2010/08/19(木)天体観測のメッカ

 星を見に行こう!と思い立って、ではどこに行くかとなると、候補地は限られます。大抵は機材の山だから、車で行けるところに絞られそうです。
 昔から有名なところは、富士山の5合目です。ここまでなら車で行けます。駐車場は一般旅行者も利用するから、仲間の車で囲んで遮光するのがコツなんだとか。

 実は、山の中腹は天体観測には不適とされています。風が昇り降りするからです。空気の流れは星像を乱します。天気予報や気象図を確認してから出かけたほうが無難です。
 では山頂は?というと、重い機材を担いで登ることになります。車で行けるところとなると・・・

 乗鞍畳平の駐車場が思い浮かびます。標高は 2,700m と高いし、かなり開けた場所です。寒さ対策は万全を要求しますが、天体観測にはもってこいです。コロナ観測所があったくらいです。(「あった」と過去形なのは、2009 年 10 月末で観測が打ち切られたから)

 現在ではマイカー規制がしかれ、自家用車で畳平までは行けません。途中でシャトルバスかタクシーに乗り換える必要があります。
 ほかに 2,000m 以上の高所に歩かずに行けるのは、立山の室堂平(2,450m)など限られます。室堂平も自家用車はダメですが、貸切の観光バスなら通行できます。通行料が高いので、少人数では合いませんが・・・
 (参考までに、観光バスが 50,400 円、営業用マイクロバスが 18,900 円)

 こんな観光客がひしめき合う所に行かなくても、地元で手頃な場所があるはずです。天文愛好家は横の連絡が密だから、ツテをたどっていけば穴場が見つかると思います。
 全国区でないナントカ山の駐車場とか・・・

2010/08/18(水)きれいだった天の川

 都市化が進んで、天の川が見られる場所は少なくなりました。周りに明かりがないところでも、遥か向こうの街の明かりが、ほんのり夜空を照らします。
 山登りの趣味でもあれば、見られる機会はあるでしょうが、もう何年も天の川にお目に掛かっていません。昔見た天の川は、きれいでした。

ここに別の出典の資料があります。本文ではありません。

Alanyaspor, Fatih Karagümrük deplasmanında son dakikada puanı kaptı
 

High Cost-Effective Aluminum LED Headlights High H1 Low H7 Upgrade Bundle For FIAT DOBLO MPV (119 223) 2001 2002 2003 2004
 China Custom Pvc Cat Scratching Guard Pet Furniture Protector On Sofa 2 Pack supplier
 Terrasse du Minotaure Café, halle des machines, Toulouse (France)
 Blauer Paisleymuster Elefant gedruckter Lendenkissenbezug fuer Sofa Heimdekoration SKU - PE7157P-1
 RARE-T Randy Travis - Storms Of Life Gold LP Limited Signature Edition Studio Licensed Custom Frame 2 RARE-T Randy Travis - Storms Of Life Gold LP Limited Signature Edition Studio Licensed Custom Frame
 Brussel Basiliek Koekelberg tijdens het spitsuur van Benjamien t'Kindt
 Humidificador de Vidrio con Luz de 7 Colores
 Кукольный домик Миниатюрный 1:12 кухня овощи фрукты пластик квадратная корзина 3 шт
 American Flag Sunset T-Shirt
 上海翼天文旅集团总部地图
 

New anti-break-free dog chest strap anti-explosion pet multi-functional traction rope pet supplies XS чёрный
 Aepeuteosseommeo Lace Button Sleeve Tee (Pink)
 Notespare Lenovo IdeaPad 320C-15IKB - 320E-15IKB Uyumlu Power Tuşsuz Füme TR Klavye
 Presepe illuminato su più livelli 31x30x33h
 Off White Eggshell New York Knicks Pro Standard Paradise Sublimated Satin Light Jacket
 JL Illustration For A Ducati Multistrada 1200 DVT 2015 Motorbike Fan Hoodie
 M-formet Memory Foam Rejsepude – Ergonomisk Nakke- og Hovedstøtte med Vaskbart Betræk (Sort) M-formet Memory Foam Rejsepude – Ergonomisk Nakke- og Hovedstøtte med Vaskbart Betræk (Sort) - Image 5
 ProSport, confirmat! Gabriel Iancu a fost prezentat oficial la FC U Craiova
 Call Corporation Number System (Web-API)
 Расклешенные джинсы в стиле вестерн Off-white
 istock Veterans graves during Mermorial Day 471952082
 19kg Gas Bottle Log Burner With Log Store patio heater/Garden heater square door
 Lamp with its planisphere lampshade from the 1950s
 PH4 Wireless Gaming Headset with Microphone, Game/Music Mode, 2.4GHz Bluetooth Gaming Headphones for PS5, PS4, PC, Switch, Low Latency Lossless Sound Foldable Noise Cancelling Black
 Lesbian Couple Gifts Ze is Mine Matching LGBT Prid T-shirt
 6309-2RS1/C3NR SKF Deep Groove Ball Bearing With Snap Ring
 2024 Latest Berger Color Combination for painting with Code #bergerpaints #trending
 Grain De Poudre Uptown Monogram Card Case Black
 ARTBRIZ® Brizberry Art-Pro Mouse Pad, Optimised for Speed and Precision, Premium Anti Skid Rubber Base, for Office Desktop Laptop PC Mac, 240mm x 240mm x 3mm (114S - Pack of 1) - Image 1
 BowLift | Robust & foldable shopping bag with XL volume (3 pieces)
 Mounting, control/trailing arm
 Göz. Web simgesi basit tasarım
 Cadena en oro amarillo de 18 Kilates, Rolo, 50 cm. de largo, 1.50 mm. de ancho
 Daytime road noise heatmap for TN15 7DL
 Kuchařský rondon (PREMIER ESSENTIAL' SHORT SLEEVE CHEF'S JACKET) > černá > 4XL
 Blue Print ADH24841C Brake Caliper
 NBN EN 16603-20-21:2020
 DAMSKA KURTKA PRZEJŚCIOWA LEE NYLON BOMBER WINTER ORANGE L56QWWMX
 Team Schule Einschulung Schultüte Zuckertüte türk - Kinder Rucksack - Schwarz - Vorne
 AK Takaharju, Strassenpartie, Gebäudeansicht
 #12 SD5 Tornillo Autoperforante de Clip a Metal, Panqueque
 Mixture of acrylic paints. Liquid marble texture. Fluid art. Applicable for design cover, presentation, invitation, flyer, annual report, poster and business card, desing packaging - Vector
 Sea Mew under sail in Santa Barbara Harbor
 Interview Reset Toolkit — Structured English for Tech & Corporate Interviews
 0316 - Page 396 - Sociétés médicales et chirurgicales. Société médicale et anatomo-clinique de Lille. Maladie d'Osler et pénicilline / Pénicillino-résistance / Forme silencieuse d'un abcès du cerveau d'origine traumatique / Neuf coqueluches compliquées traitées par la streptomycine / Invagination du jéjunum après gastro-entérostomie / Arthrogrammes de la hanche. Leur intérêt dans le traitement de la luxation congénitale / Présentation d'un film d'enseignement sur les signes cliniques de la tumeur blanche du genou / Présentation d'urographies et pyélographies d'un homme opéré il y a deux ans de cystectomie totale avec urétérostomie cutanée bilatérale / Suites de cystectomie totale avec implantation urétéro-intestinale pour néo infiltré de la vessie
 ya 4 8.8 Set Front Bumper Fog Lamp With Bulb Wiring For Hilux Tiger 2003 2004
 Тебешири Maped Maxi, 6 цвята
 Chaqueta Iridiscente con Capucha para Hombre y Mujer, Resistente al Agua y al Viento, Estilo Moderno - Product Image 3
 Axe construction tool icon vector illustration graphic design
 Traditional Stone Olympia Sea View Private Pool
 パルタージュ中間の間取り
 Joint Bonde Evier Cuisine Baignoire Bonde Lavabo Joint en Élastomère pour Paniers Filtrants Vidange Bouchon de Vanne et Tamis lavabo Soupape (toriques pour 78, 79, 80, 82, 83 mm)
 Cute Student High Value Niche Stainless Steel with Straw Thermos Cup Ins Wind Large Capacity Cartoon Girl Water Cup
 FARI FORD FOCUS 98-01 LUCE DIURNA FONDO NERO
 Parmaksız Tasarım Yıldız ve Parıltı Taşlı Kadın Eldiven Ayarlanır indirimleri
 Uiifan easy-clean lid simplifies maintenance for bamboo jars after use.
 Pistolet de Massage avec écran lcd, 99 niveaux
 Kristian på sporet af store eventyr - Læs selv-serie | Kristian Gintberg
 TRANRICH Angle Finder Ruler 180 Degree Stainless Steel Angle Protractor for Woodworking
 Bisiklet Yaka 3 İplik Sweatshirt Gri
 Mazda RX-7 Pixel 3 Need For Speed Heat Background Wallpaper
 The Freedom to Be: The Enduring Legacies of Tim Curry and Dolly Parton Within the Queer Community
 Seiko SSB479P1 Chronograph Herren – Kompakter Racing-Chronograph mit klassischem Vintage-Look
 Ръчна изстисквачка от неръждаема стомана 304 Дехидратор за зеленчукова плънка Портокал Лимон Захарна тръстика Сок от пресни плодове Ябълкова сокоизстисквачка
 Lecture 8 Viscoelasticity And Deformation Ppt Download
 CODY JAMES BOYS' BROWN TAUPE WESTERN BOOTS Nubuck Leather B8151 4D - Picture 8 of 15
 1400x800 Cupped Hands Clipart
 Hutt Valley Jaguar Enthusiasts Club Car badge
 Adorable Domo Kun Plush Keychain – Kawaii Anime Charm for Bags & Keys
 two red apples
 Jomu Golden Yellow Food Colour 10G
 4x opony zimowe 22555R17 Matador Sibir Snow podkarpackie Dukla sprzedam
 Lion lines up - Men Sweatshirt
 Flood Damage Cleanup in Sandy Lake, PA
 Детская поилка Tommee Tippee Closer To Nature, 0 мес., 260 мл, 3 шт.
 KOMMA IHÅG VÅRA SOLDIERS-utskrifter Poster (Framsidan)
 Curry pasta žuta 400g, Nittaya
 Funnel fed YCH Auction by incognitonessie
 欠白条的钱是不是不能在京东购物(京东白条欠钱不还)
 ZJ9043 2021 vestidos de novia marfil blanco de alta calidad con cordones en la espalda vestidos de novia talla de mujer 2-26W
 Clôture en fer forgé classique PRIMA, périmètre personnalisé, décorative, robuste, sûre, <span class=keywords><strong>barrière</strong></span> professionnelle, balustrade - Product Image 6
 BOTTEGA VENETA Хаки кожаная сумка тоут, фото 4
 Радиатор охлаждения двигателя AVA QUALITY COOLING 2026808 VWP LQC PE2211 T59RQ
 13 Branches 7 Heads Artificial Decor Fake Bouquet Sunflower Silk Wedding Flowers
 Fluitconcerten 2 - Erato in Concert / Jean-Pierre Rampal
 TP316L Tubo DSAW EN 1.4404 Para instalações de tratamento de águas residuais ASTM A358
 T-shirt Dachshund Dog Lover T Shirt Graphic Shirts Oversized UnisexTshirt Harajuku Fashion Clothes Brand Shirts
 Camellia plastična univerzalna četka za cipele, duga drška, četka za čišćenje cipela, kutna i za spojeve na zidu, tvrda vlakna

 高校時代に仲間と山の中腹で天体観測をしました。「酸化セリウム」の先生も一緒です。陽が沈むと、夜空に星が瞬きます。真っ暗になると、雲のような帯が頭の上に現われました。「これが天の川か・・・」

 雲は見えません。雲のあるところは星が見えないので、そこに雲があるだろうとわかるだけです。漆黒の闇の中で星だけが輝いていました。昔の人は、月明かりの有難さを実感したでしょうね。
 「月影の至らぬ里はなけれども、眺むる人の心にぞすむ」(法然上人か・・)

 夜更かししているうちに、頭上を何かが飛び去りました。真夜中に鳥が飛ぶはずはないし、羽ばたいた様子もありません。どうやら、ムササビかモモンガのようです。
 出て来た方向の木までは、かなりの距離があります。ずいぶん長い飛行距離です。日ごろ見慣れない人間が、ワイワイやっている上を飛ぶなんて、よほど度胸がいいか、シビレを切らしたかです。

 自然が豊かな山の中で星を見ていると、いろんな発見があります。日本にはもう狼はいないし、熊が出没する地域でなければ、獣に襲われる心配はないので、安心して自然を満喫できます。
 気をつけるとすれば、他の人間だけですね。(おっと!イノシシがいたか・・・)

2010/08/17(火)都会の夜空は絞り込む?

 都市部で天体星野写真を撮るのは、いろいろ弊害がつきものです。最大の障害は、夜空が明るいことです。公害ならぬ「光害」ですね。数十秒の露光でも、空が明るくなりすぎて、写ったはずの星が埋没してしまいます。

 ところが、絞り込んでその分 露光時間を長くすると、思っていたよりも暗い星が写ります。露光倍数どおりでないのは不思議です。
 明るいレンズは面積体に強く、暗いレンズは点光源に強いという性質があります。赤道儀でガイドしながら、長時間露光をやっていて気がつきました。

 もうひとつ気がついたのは、絞りを絞ると、明るい星が小さく写ることです。恒星はあくまで点ですが、一般的に写真のうえでは明るい星は大きく、暗い星は小さく写ります。絞り込むと、その差が縮まります。
 フィルムのイラジエーション効果に変化が出たのでしょう。デジカメで星を撮ったことはありませんが、似たような結果になると思います。

 都市部の光害は、ほとんどが蛍光灯や水銀灯などの街路灯です。あとはネオンですね。これらの波長だけをカットするフィルターがあれば、都市部でも星野写真が撮れそうですが・・・
 こうした特殊干渉フィルターが、一時ブームになったことがあります。ほとんど姿を消したところをみると、期待したほどの効果はなかったのかも?

 蛍光灯や水銀灯の輝線スペクトルは除去するとしても、すべての波長をカットしたのでは実用になりません。星まで写らなくなってしまいます。どこまでカットするか難しいところです。
 被った夜空の色が赤紫だった・・なんてのもあったようです。

 星野写真は、やはり光害のない人里離れた所で撮るのが一番ですね。